▶ _Assignment_
Copy the lines below exactly, starting at the one with "Nhn Sun Avenue Property Photo 15" and ending at the one with "Living Room - 6030 Applecrest Ct", and leave out any picture.

(Caption-style text data)

[Start of section]

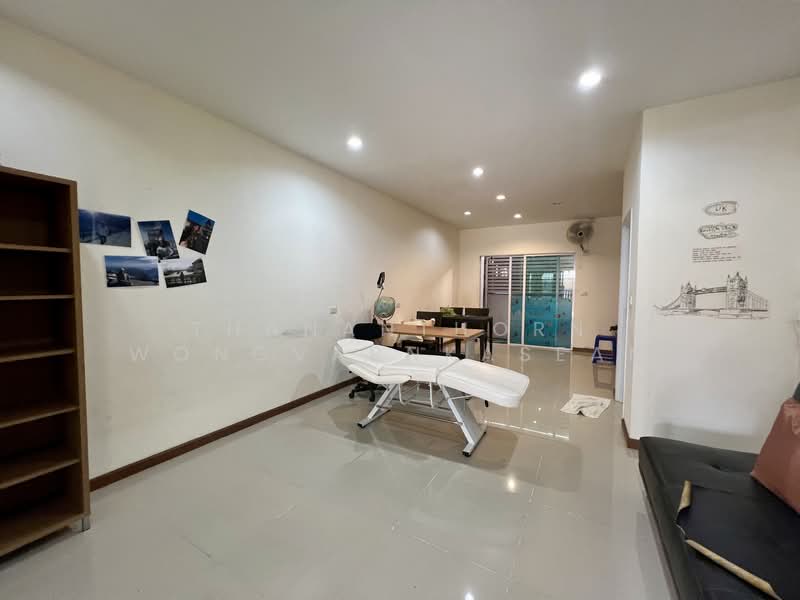 Villette City Pattanakarn 38, Bangkok, Phatthanakan Road, Prawet, Prawet, Bangkok, 3 Bedrooms, 160 sqm, Townhouse For Sale, by Thananthorn Wongvarnkaseam, 500175755 - DDproperty.com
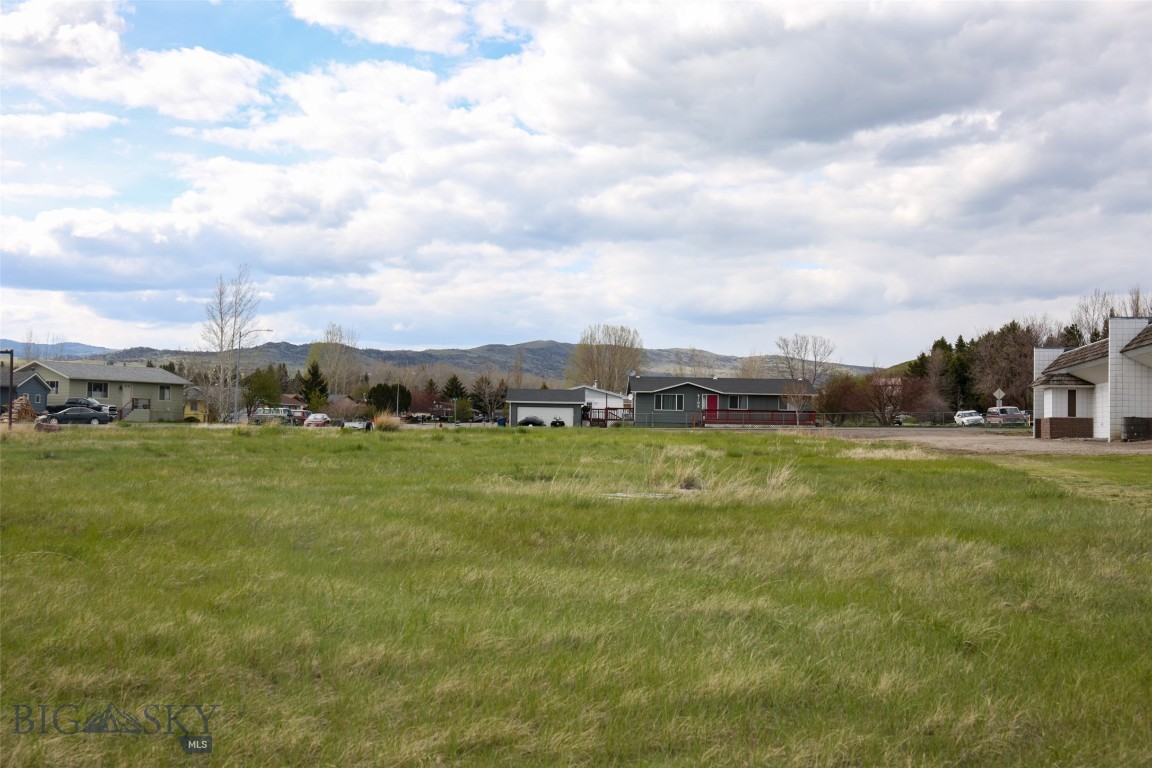 Nhn Sun Avenue Property Photo 15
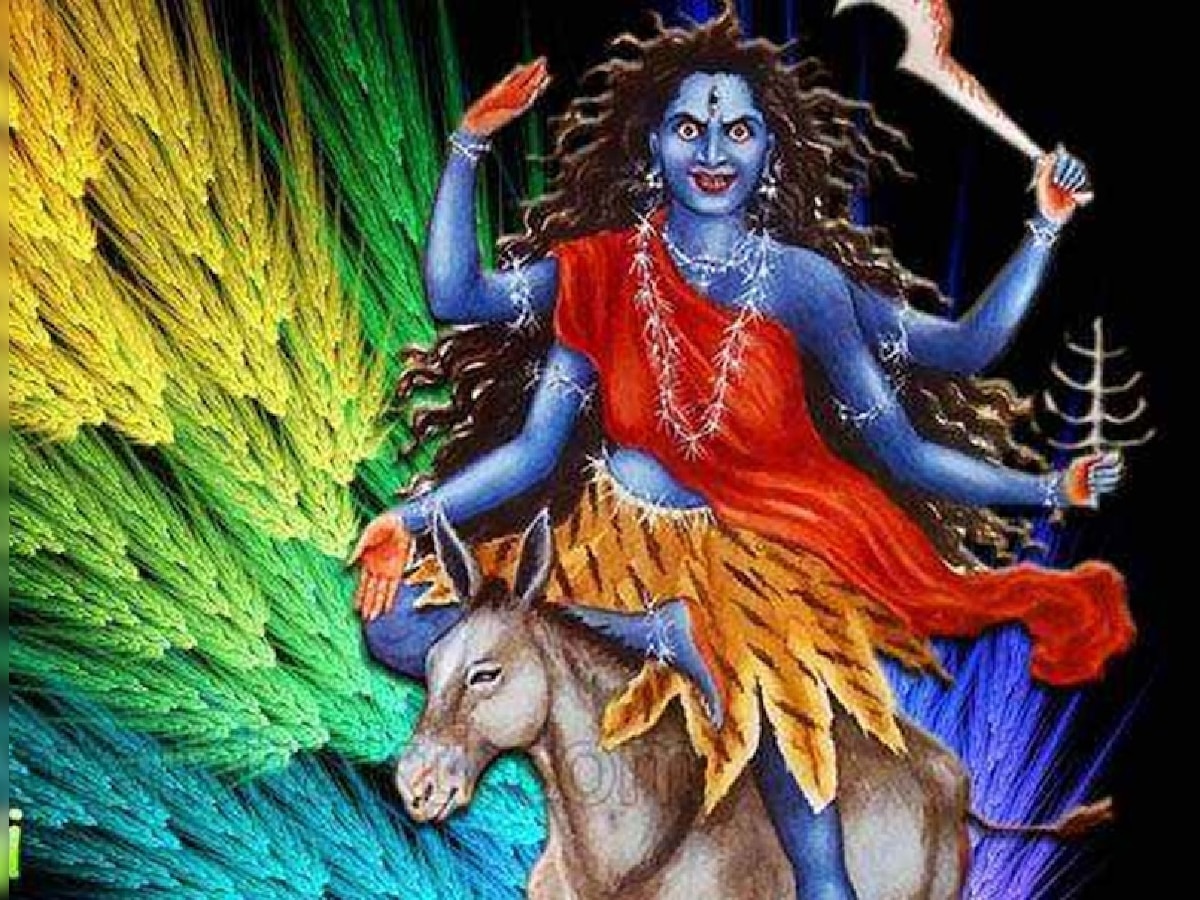 Maa Kalratri Puja Vidhi: नवरात्रि के सातवें दिन इस विधि से करें मां कालरात्रि की पूजा, शत्रुओं से मिलेगी मुक्ति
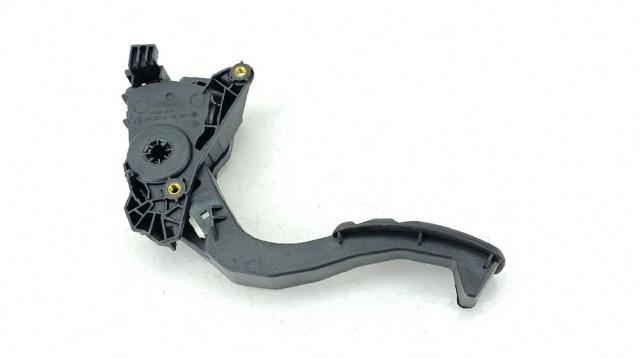 RENAULT 180108467R Pedal del acelerador  en stock Terrassa
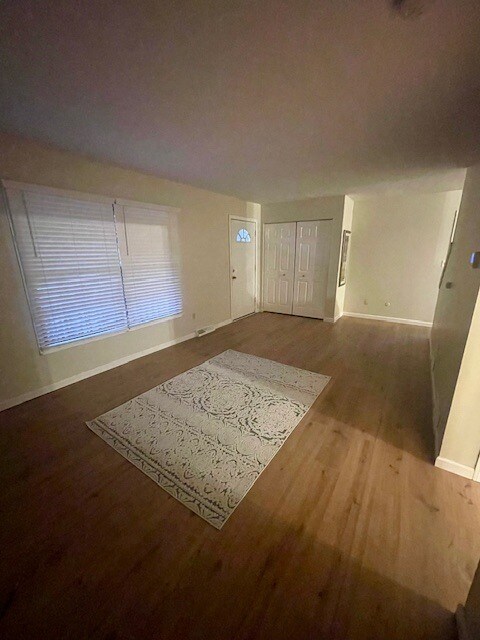 Living Room - 6030 Applecrest Ct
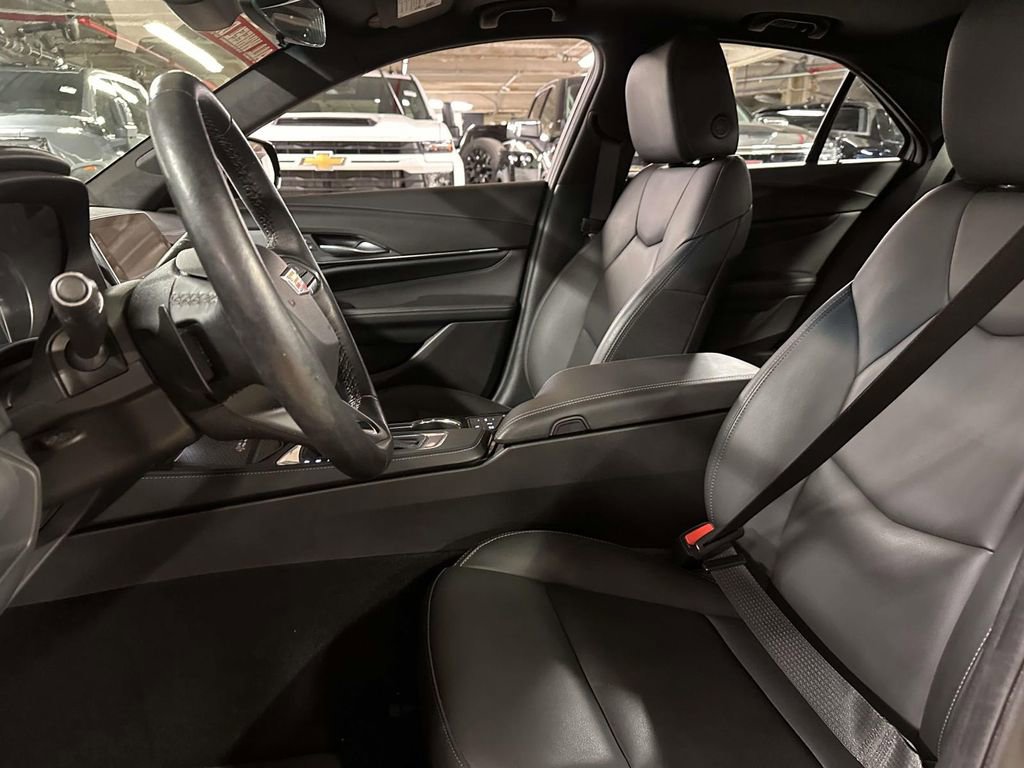 Used 2025 Cadillac CT4 Luxury image 16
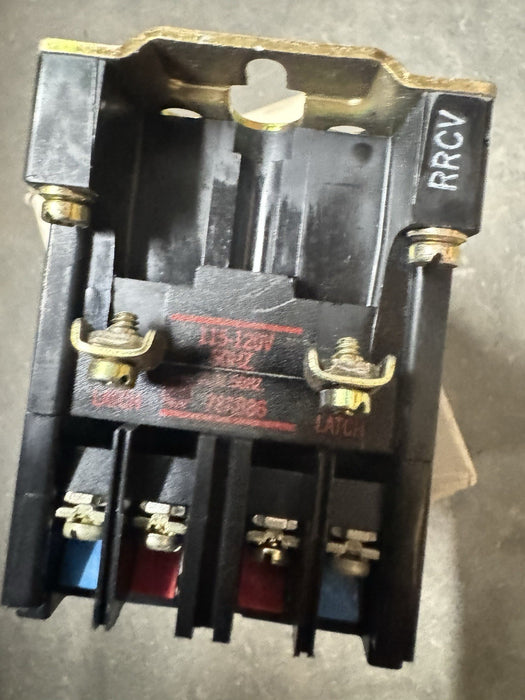 NEW ALLEN BRADLEY 700-RM220A1 / 700RM220A1 NIB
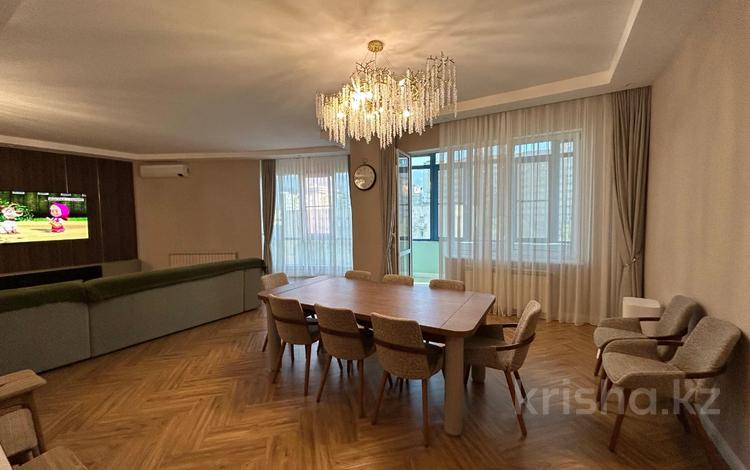 5-комнатная квартира · 204.6 м² · 7/9 этаж, мкр Самал-2, Фурманова 63 — Аль-Фараби - Назарбаева за 260 млн ₸ в Алматы, Медеуский р-н — фото 25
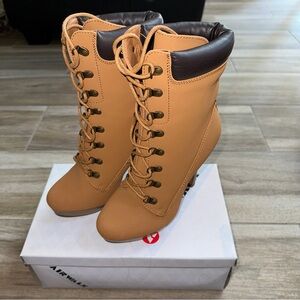 Women's Tan Lace-Up Boots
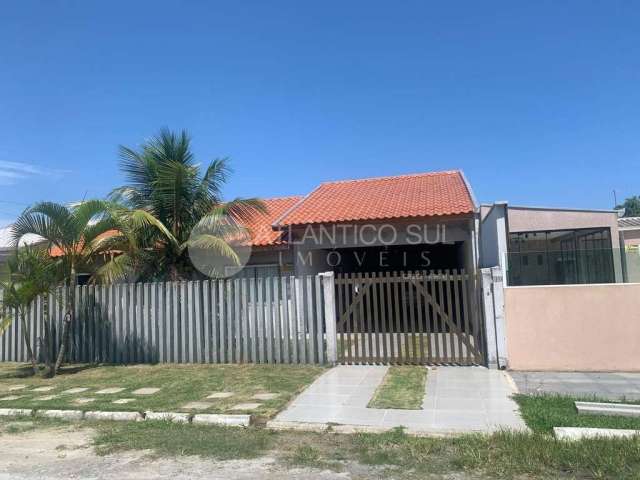 Casa com piscina à venda, Leblon, PONTAL DO PARANA - PR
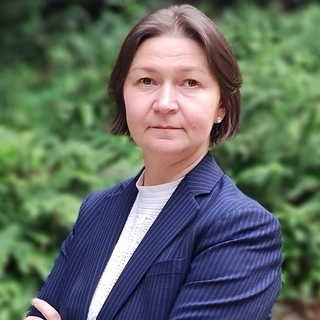 Viktoria Salnikova-Leeper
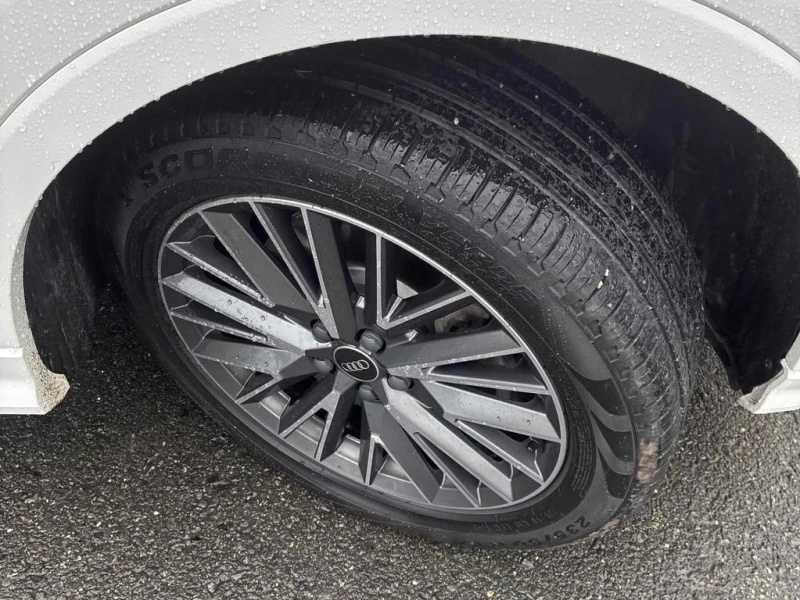 Audi Q3 2022 QUATTRO * БЕЗ ПЪРВОНАЧАЛНА ВНОСКА* , снимка 6 - Автомобили и джипове - 53131313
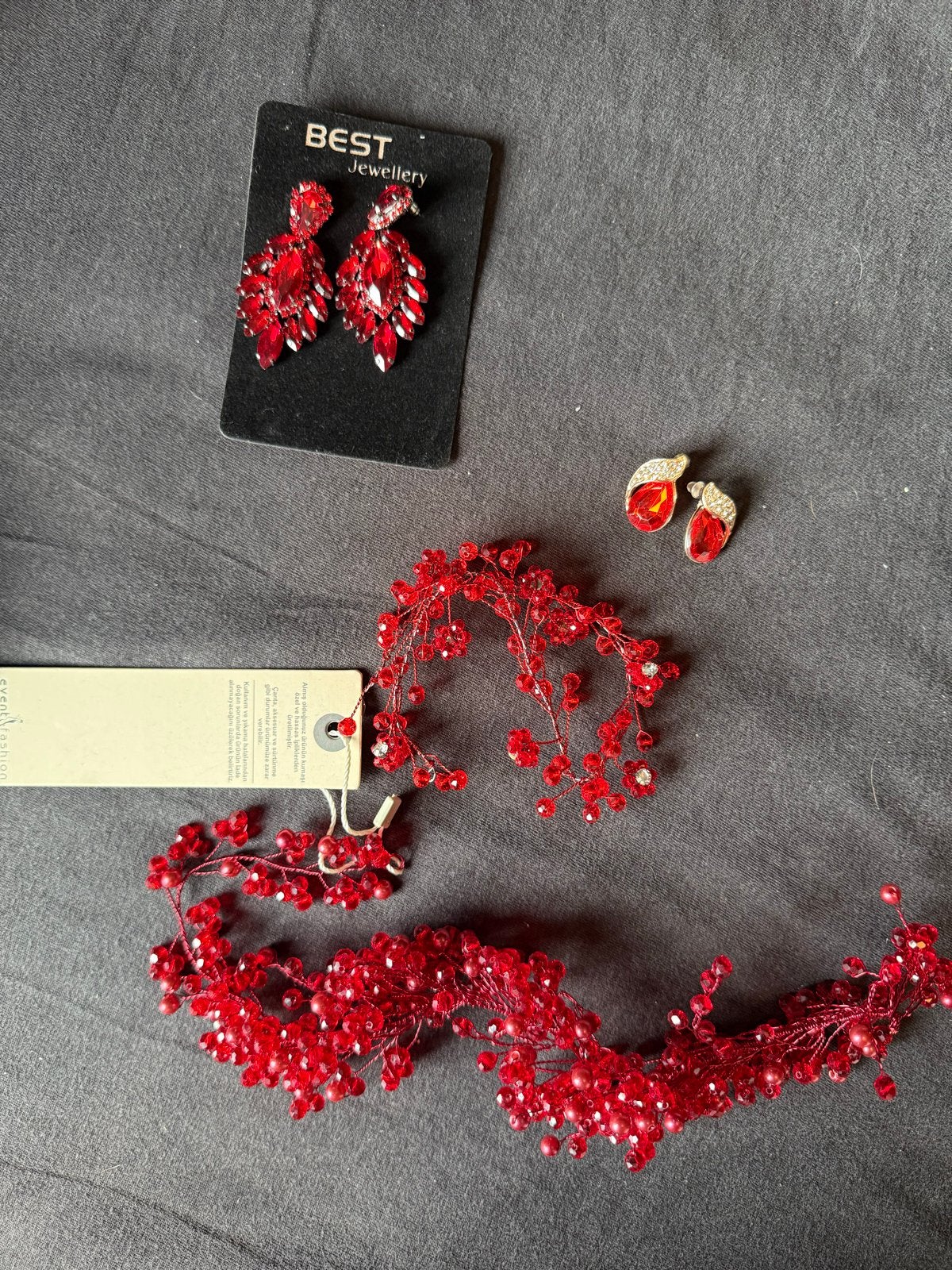 Rode oorbellen en haaraccessoire met kristallen, Met kristal, Overige materialen, Hangers, Ophalen of Verzenden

[End of section]

▶ _Completed task_
 Nhn Sun Avenue Property Photo 15
 Maa Kalratri Puja Vidhi: नवरात्रि के सातवें दिन इस विधि से करें मां कालरात्रि की पूजा, शत्रुओं से मिलेगी मुक्ति
 RENAULT 180108467R Pedal del acelerador  en stock Terrassa
 Living Room - 6030 Applecrest Ct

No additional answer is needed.